MATERIAL SHOWN:
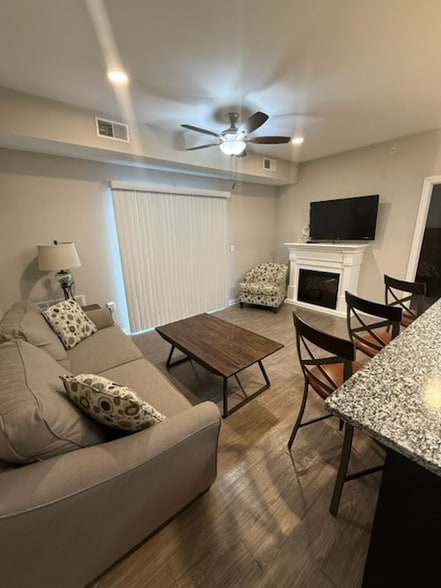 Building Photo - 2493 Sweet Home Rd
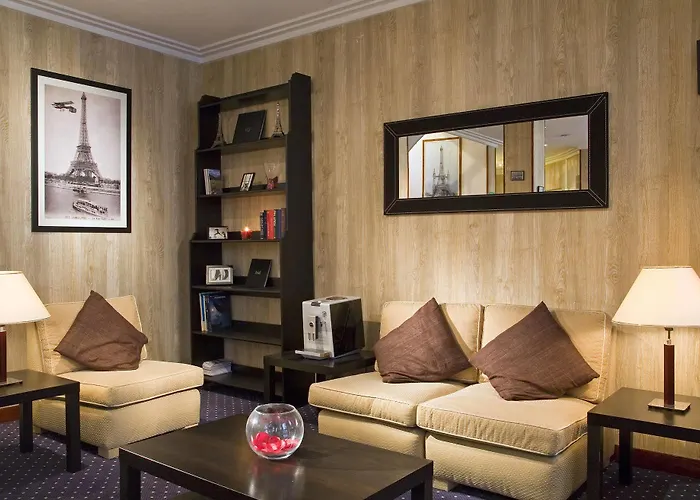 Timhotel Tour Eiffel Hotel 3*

--

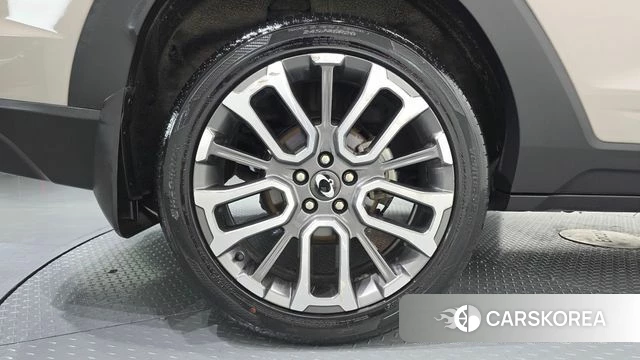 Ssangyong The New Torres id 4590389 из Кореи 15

GOAL OF THE EXERCISE: In the listing above, find the line with "Building Photo - 2493 Sweet Home Rd" and the line with "Timhotel Tour Eiffel Hotel 3*". Copy exactly those two and every line between, without the pictures.

ANSWER TO THIS PROBLEM:
 Building Photo - 2493 Sweet Home Rd
 Timhotel Tour Eiffel Hotel 3*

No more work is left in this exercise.